The general argument put forward by the Treasury against making retrospective a tax concession, a tax relief, is very simple. It is that if one tries to make it retrospective one must draw the line somewhere, and the question is, "Where do you stop? How far can you go back?" There must be a limit to the period for which one can reopen old cases.

When we are dealing, as we are here, with a levy which is relatively new and has not been operating for many years, my view is that that argument of principle does not have much force, and we must look at whether retrospection is administratively practicable. I imagine that the money at stake is not of an order that would worry the Chancellor very greatly.

If what has been done here is an effort on the basis of our experience to get the levy right for the future and to meet cases of what are considered to be proved hardship and injustice, it seems to me that there are very strong arguments for trying to make the concession apply to people who have already paid levy as well as those upon whom the levy will fall in the future. I shall be very interested to hear what my right hon. Friend has to say about this.

I have no doubt that there are considerable administrative difficulties. We must remember that one of them is that under these proposals it is intended that cases which are exempt from betterment levy should still be open to the charge under Capital Gains Tax. Very many of the cases concern owner-occupier plots, and they will be entitled to the owner-occupier exemption. It might be that it would be right to enable the relief to be applied to all such cases. There would be great administrative complications in the cases where one was to say, looking back, "This transaction is no longer to be liable to betterment levy. We will repay the levy." What is to happen then? A great deal more trouble and expense must be gone through in trying to make the transaction subject to Capital Gains Tax. I should be interested to hear what my right hon. Friend has to say on this point too. I hope that he will listen to the arguments on the subject in the debate, and will not close the door to further debate on this topic.

I very much welcome the action taken by the Government in the White Paper. I entirely reject the argument put forward that the problem could have been dealt with by order. I am surprised to hear such an argument from the hon. Member for Crosby, who is the Chairman of the Statutory Instruments Committee. I recall that on one occasion when we were trying to lay an order to deal with a matter in connection with the levy we had our proposal reported on unfavourably by the hon. Gentleman's Committee. We had instead to announce a concession and to say that we would have the matter dealt with by legislation under the Act. That was on a very minor point.

I am sure that if we had brought forward proposals of this kind, and, in particular, if we had tried to make them retrospective to the time of the coming into force of the Act, all hell would have been let loose in the report which the hon. Gentleman would have made as Chairman of the Statutory Instruments Committee. The matter had to be dealt with by legislation, and that is why it was right for my right hon. Friend to deal with it in the way in which he did.

8.19 p.m.

Mr. Eric Lubbock (Orpington)

A Government who introduced the War Damage Act, 1965, concerning the Burmah Oil Company, can hardly argue against retrospection. There have been several other examples since I have had experience in these matters in the House where, if it has been in their own interests, they were happy to go back several years. Therefore, I think that the argument of the hon. and learned Member for Derby, North (Mr. MacDermot) is wrong in that respect.

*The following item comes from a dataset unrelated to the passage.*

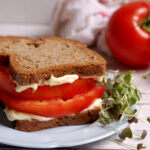 tomato sandwich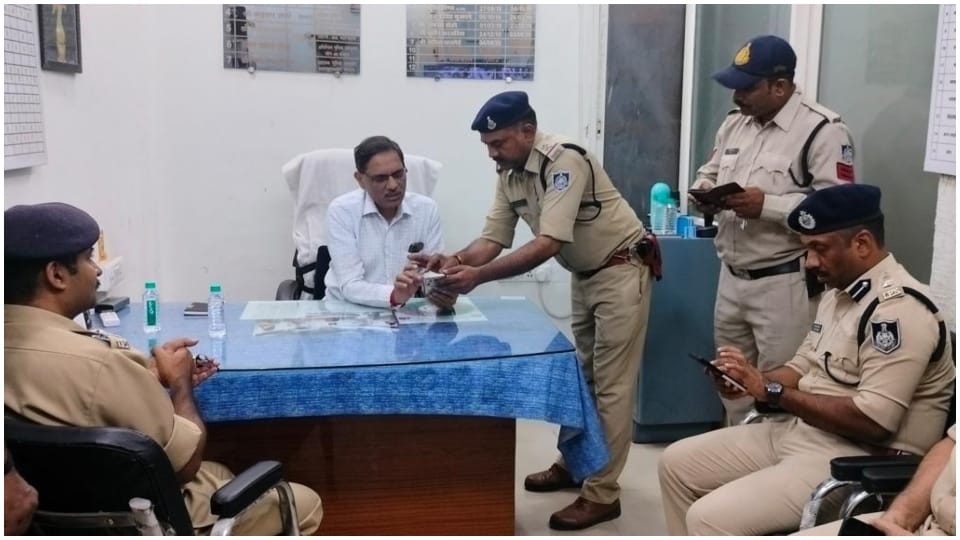 MP Police in action conducted combing operation and caught eight thousand criminals in one night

I think that the hon. and learned Member is also wrong on the question of making an Order to effect the changes. Section 63 of the Act provides precisely for making an Order that certain transactions shall be exempt from the betterment levy. The most important of the concessions in the White Paper is the first—exemption in the case of sales of land for development where the sale price does not exceed £1,500. I should have thought that that was precisely the kind of case that was designed to be included in this provision if it was found suitable later.

Mr. MacDermot

indicated dissent.

Mr. Lubbock

The hon. and learned Gentleman shakes his head. I am not a lawyer, but that was said by the hon. Member for Crosby (Mr. Graham Page) and the Chairman of the Land Commission, Sir Henry Wells, who is an eminent authority and who has lived with the Commission for several years, and I believe that it is also the opinion of Mr. Desmond Heap, who has written a book on the Land Commission, and who has recently indicated in a letter which he wrote to The Times that the use of Section 63 was the right way in which to remedy injustice.

The hon. and learned Gentleman said that he would be interested to know how much it would cost to make these provisions retrospective to the initial date of the operation of the levy. He said that he could see no reason in principle why this should not be done, because it was a comparatively recent imposition and was not like discovering that some amendment was needed to a tax which had been instituted many years before. I was glad to hear him say that, because it is a useful thing to have on the record from the hon. and learned Gentleman who knows a good deal about these matters.

In his Budget Statement, the Chancellor of the Exchequer said that the amount which had been collected from transactions which came to less than £1,500 was only one-tenth of the total. I cannot remember how much of the levy was collected in during the years 1967–68 and 1968–69, but it was very small, so small as to be almost derisory in relation to the cost of the Commission itself, as the hon. and learned Gentleman knows.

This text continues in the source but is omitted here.